/---
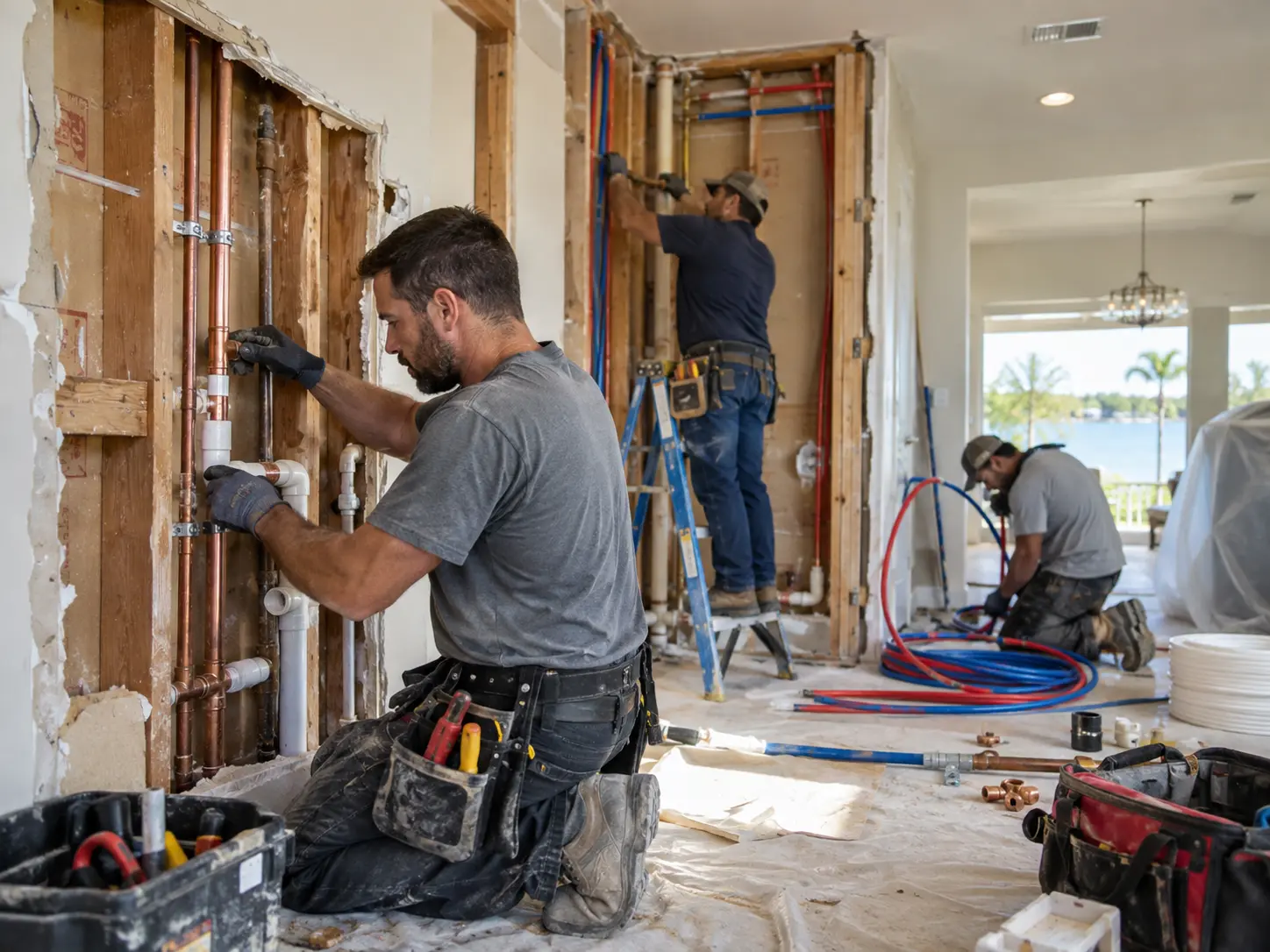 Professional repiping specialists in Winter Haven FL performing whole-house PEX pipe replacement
\---
/---
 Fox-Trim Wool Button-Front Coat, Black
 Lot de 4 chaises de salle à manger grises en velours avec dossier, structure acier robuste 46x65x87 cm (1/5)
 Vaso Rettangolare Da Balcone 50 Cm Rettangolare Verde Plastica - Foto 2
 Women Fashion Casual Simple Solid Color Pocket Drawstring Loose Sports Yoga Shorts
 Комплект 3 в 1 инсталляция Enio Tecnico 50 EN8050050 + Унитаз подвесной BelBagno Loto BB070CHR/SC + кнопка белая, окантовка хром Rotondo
\---
Task goal:
Once you reach the line with "Women Fashion Casual" in the data above, copy it and every line after it exactly, up to and including the line with "Комплект 3 в".

Task result:
 Women Fashion Casual Simple Solid Color Pocket Drawstring Loose Sports Yoga Shorts
 Комплект 3 в 1 инсталляция Enio Tecnico 50 EN8050050 + Унитаз подвесной BelBagno Loto BB070CHR/SC + кнопка белая, окантовка хром Rotondo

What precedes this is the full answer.